= What you have to do =
Among the entries below, extract exactly the lines that run from the one with "Movie still from" through the one with "a close up of", both ends included.

= Records supplied =

◆ ◆ ◆ ◆ ◆ ◆ ◆

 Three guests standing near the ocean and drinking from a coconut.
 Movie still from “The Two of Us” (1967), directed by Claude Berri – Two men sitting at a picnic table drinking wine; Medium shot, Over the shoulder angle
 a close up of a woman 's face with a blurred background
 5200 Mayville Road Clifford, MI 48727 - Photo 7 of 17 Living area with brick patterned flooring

◆ ◆ ◆ ◆ ◆ ◆ ◆

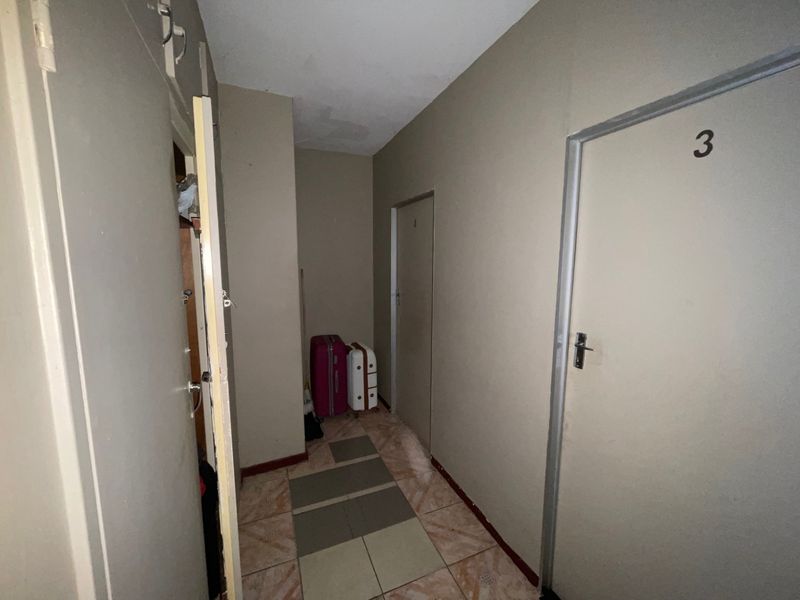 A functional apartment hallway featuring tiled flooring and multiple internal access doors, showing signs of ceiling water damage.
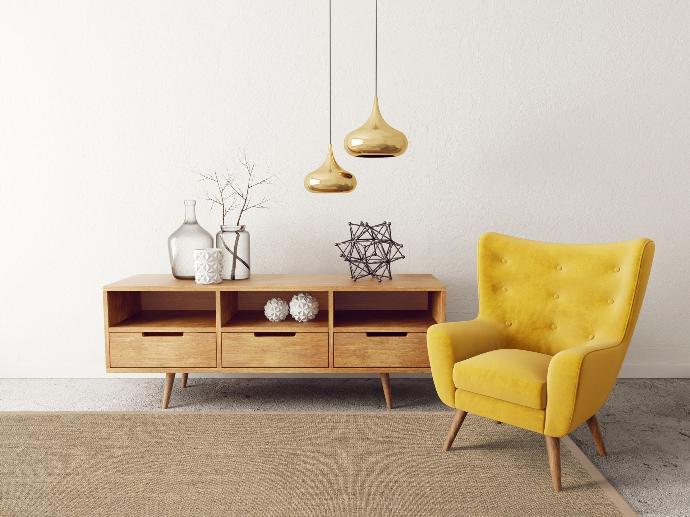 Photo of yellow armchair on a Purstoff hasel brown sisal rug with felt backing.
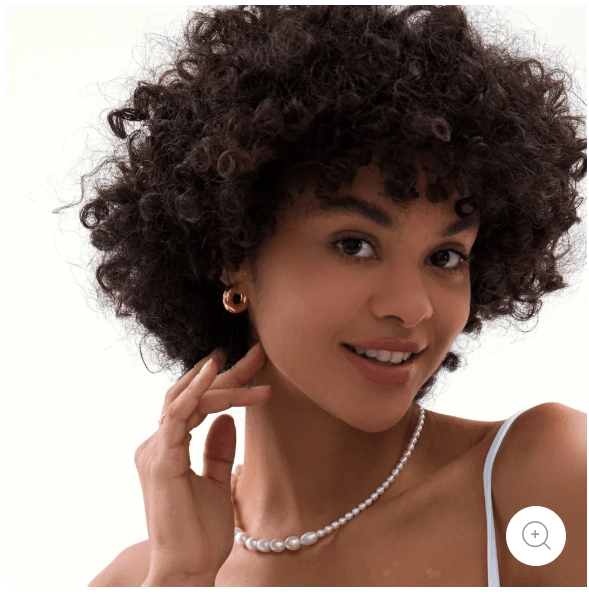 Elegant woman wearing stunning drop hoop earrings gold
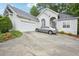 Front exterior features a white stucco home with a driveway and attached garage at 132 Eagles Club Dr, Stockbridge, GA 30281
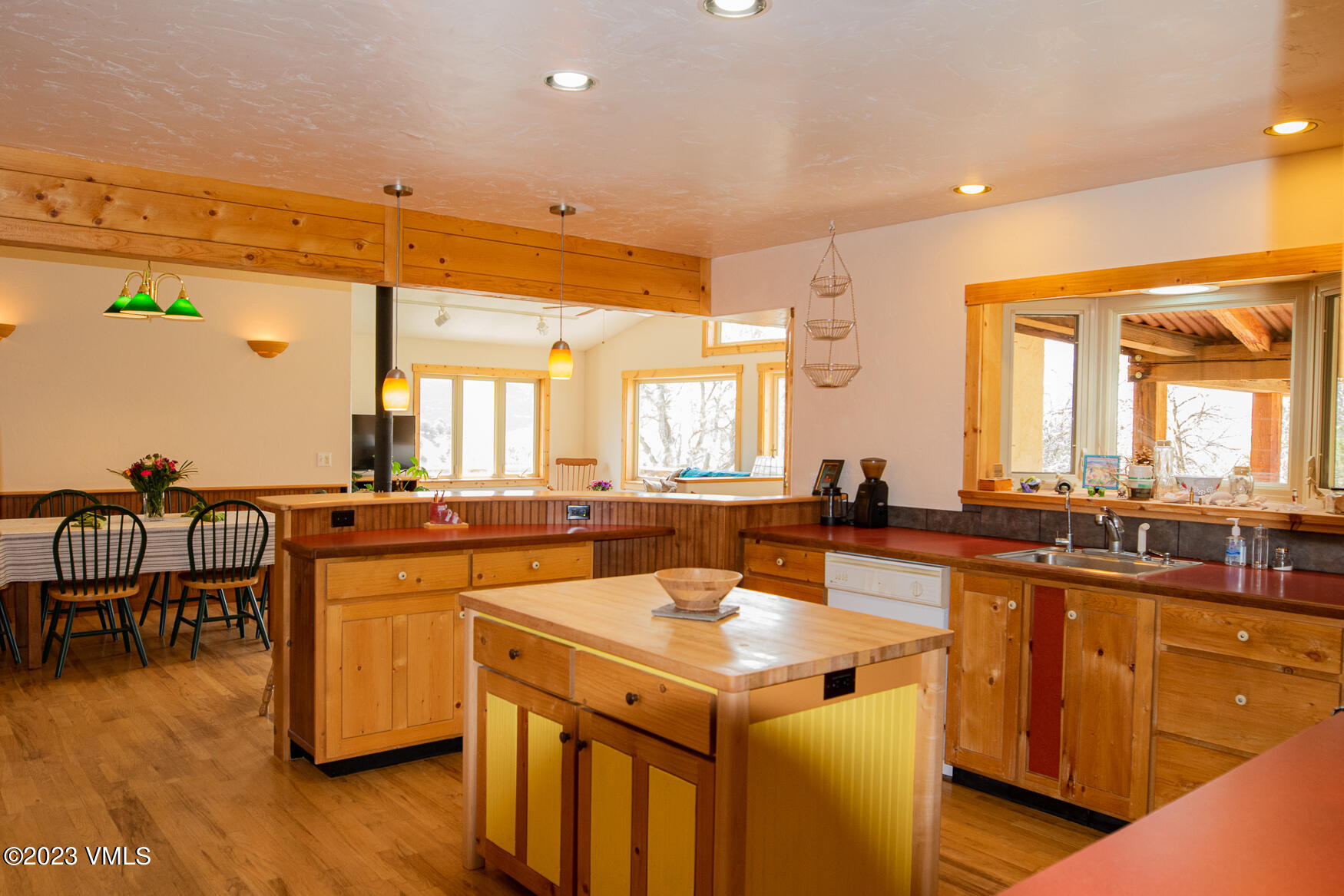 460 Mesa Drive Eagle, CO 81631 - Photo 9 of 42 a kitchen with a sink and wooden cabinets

◆ ◆ ◆ ◆ ◆ ◆ ◆

= Solution =
 Movie still from “The Two of Us” (1967), directed by Claude Berri – Two men sitting at a picnic table drinking wine; Medium shot, Over the shoulder angle
 a close up of a woman 's face with a blurred background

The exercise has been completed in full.